Band Uditha Jayasinghe and Swati Bhat
COLOMBO / MUMBAI, November 25 (Reuters) – that of Sri Lanka the central bank kept interest rates stable for a second consecutive meeting Thursday as it sought to support a nascent economic recovery after raising rates in August to curb inflationary pressures.
The Central Bank of Sri Lanka (CBSL) left the permanent deposit facility rate and the permanent lending facility rate unchanged at 5.00% and 6.00%, respectively. He also left his legal reserve report unchanged at 4%.
Five out of 12 economists polled by Reuters planned rates to remain unchanged, while the other seven had seen the CBSL increase between 25 and 50 basis points to cope construction price pressures.
The central bank said that while the economy is gradually recovering, the recent acceleration in inflation was mainly due to shortages due to supply chain disruptions and soaring global commodity prices.
“A further acceleration in headline inflation is possible in the immediate future, although such movements are expected to be transitory,” CBSL said in a statement.

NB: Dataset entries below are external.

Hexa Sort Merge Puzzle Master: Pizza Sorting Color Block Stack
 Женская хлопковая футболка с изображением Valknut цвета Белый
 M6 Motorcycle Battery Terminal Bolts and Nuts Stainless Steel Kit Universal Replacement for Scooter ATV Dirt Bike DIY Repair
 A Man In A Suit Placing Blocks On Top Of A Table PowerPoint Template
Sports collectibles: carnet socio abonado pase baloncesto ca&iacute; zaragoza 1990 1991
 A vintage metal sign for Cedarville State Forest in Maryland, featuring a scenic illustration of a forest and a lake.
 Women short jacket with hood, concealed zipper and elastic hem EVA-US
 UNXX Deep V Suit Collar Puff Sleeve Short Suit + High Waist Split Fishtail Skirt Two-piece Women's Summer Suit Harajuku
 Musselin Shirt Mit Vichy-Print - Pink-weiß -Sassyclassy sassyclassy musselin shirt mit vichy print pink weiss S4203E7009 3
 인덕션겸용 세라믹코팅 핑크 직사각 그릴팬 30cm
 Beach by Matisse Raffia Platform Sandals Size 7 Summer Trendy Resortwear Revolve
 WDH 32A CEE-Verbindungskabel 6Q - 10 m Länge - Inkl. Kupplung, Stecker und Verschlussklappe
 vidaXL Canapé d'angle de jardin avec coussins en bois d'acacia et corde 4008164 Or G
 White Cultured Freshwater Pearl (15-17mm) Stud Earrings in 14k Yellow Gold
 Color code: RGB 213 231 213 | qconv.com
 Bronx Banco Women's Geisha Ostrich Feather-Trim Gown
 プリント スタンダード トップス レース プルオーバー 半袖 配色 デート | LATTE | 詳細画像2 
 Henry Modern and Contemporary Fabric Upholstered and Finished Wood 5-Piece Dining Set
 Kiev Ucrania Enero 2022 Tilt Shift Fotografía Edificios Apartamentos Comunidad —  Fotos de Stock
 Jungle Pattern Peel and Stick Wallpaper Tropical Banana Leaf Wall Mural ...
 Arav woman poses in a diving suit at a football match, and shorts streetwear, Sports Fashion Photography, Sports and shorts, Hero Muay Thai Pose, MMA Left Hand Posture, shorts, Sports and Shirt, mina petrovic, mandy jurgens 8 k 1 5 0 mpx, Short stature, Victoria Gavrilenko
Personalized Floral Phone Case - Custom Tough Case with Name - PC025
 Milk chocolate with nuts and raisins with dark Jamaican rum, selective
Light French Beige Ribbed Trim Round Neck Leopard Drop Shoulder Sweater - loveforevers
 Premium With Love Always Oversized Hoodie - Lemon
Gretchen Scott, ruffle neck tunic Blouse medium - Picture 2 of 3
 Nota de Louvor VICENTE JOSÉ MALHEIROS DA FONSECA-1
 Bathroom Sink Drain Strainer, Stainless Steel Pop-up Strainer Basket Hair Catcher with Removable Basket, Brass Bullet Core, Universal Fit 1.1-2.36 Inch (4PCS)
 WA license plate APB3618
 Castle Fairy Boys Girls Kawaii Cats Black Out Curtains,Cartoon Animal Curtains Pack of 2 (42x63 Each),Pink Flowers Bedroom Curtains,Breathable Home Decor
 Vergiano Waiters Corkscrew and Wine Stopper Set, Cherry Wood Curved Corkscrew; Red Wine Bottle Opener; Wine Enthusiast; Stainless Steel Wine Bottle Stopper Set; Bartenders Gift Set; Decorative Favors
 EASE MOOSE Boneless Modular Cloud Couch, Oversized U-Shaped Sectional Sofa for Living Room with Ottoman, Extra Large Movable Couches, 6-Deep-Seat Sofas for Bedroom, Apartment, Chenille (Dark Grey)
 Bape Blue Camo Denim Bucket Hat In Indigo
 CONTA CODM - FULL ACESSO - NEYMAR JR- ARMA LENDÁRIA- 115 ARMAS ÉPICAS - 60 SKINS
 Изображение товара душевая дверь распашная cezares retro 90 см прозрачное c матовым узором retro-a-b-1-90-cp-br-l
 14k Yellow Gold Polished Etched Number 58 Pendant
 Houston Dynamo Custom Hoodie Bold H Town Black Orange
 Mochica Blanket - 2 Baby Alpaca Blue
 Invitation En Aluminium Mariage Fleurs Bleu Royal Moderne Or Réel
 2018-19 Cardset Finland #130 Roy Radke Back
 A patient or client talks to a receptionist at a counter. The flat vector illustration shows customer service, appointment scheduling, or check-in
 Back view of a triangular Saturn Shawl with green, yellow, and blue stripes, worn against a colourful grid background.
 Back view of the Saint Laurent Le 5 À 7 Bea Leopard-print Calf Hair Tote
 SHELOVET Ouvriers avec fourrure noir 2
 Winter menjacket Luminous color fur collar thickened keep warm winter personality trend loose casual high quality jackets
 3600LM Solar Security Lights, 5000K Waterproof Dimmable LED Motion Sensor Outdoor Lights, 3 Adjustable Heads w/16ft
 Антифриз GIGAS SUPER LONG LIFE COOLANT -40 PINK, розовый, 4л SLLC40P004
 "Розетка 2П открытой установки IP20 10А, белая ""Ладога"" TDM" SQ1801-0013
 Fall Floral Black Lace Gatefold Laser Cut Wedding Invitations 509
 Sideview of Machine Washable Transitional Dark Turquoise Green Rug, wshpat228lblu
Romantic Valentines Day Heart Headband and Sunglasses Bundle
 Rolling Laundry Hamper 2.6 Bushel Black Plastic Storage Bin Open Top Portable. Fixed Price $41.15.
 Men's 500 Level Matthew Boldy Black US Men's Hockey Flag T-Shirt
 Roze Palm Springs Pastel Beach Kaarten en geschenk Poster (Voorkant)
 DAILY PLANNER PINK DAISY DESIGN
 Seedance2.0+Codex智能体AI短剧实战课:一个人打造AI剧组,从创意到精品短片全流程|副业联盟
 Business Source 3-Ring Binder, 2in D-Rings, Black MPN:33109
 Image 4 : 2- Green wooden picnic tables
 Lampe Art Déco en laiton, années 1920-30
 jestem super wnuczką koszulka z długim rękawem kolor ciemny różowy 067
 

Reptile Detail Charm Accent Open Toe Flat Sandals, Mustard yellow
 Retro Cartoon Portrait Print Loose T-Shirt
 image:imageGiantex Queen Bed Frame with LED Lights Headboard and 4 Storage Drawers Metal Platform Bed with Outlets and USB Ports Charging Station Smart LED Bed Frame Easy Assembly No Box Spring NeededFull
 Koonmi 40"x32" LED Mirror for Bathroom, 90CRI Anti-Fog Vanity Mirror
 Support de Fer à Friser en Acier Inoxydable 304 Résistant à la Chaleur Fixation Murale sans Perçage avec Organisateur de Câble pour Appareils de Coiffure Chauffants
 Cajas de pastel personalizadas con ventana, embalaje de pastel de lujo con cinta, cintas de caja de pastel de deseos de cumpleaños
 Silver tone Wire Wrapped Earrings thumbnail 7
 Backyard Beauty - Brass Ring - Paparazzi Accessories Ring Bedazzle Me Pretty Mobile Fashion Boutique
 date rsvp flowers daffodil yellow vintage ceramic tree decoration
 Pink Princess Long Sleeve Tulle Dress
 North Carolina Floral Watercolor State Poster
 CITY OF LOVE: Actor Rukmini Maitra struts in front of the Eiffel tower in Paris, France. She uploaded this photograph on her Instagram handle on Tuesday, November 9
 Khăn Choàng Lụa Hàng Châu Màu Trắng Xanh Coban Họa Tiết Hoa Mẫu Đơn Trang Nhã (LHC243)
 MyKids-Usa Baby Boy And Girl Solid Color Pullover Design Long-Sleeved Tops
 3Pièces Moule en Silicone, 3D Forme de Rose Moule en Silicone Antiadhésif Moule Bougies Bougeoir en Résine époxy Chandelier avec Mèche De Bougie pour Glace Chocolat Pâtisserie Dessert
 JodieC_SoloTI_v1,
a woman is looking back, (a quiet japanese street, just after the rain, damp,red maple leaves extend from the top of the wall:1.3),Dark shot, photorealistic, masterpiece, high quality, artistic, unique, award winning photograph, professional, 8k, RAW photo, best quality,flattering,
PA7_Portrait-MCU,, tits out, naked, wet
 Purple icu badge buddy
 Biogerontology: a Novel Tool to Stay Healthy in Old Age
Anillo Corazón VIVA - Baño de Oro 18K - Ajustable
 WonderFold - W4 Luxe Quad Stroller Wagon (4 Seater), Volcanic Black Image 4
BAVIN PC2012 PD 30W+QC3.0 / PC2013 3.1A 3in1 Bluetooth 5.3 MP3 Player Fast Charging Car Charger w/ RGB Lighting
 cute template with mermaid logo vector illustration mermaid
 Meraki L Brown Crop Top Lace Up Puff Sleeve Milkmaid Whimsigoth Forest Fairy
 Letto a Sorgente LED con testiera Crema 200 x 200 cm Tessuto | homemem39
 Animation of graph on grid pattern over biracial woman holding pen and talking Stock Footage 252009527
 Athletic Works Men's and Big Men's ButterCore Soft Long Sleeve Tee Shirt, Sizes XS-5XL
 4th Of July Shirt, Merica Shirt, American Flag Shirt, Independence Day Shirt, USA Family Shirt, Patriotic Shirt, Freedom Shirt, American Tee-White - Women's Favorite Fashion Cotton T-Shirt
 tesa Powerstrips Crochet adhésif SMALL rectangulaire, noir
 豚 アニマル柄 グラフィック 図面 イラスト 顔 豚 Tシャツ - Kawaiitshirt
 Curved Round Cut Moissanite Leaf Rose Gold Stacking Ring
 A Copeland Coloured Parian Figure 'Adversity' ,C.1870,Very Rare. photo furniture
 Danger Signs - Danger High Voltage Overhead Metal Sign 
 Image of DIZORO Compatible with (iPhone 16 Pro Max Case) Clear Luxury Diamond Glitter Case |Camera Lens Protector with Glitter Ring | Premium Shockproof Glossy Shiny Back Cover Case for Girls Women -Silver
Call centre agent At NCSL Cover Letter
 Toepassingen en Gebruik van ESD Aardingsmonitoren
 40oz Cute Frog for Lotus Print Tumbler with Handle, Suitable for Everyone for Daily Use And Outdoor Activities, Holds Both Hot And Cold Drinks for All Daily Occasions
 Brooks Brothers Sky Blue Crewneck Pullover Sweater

Colombo’s consumer price index hit 7.6% in October from 5.7% in September, well above the central bank’s 4-6% target range.
“The Council (…) reiterated its commitment to keep inflation at target levels in the medium term with appropriate measures, while helping the economy to reach its potential in the coming period,” added the CBSL.
The CBSL also said its recent monetary policy measures would help curb excessive demand pressures and prevent the build-up of unfavorable inflation expectations.
“While real GDP growth is projected at around 5% in 2021, the continued increase in COVID-19 infections both globally and nationally could impact this expectation to some extent,” said CBSL.